- Genre: Music
- Country of origin: United Kingdom
- Original language: English
- No. of episodes: 1

Production
- Producer: Stewart Morris
- Production locations: BBC Television Centre, London
- Running time: 75 minutes
- Production company: BBC

Original release
- Network: BBC2 & BBC1
- Release: 6 November 1972

= Fifty Years of Music =

Fifty Years of Music was a one-off BBC Television production, broadcast to coincide with the BBC's Fiftieth Anniversary in 1972. Originally broadcast on BBC 2 on 6 November 1972, from 8:50 – 10:05pm, it was later repeated on BBC1 on 27 December 1972, at 5:45pm. The show was recorded in October 1972 at the BBC Television Centre and featured music from each of the five decades since the BBC's inception. The show's tagline was They Don't Write 'Em Like That Anymore!

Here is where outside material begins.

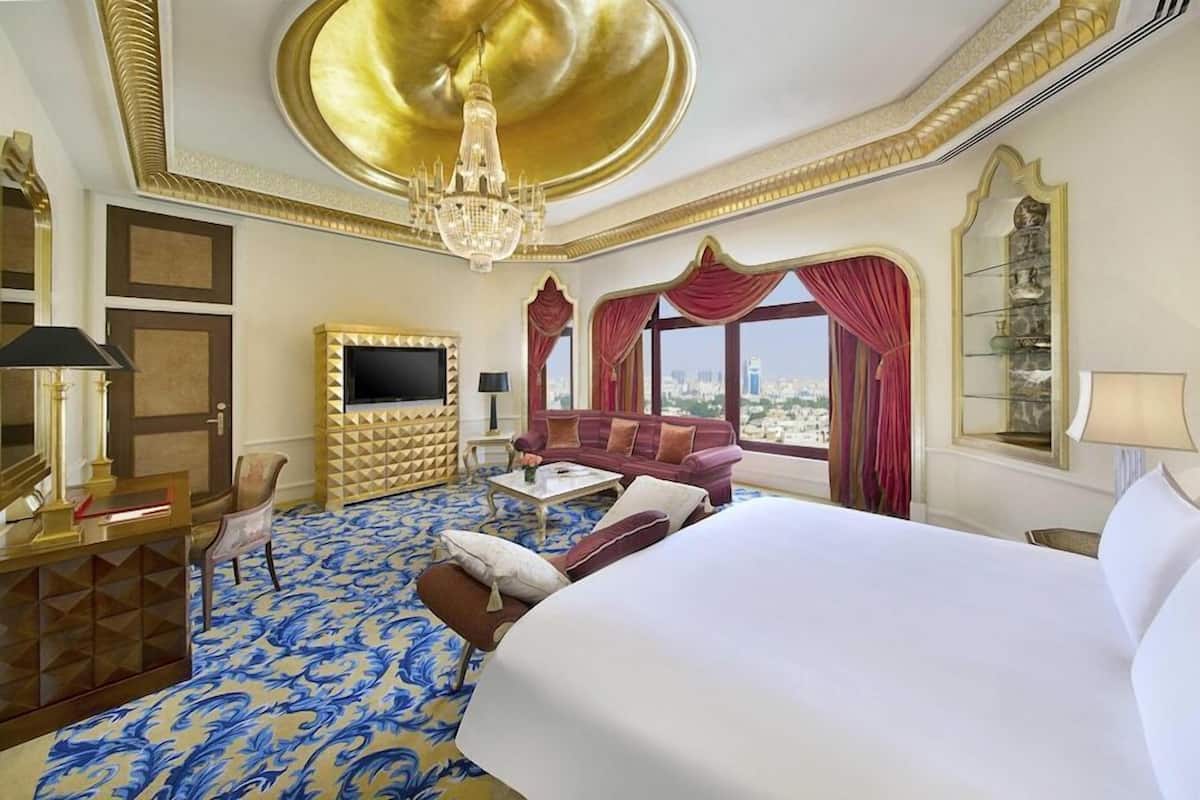 Una habitación de hotel con una cama grande, un sofá, un televisor y una araña.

The musical direction was provided by Alyn Ainsworth and the BBC Concert Orchestra. The Young Generation troupe provided dancing and vocal support, choreographed by Nigel Lythgoe

The artists taking part were:

Lulu, who performed songs from the 1920s. The 1930s were represented by Henry Hall with Alyn Ainsworth and the Orchestra recreating the big band sounds of the era. Vera Lynn and Cliff Richard sang hits from the 1940s, 1950s and 1960s, including many of their own chart successes, as well as other hits from the era. Gilbert O'Sullivan and The New Seekers covered the 1970s, while The New Seekers also performed a medley of songs from the 1950s to the 1970s, including songs by Nat King Cole, Perry Como, Teresa Brewer and The Everly Brothers. The show ended with all the participating acts singing parts of a song specially commissioned from Gilbert O'Sullivan, called "What Have We Got?"

The programme is listed as surviving in its complete form.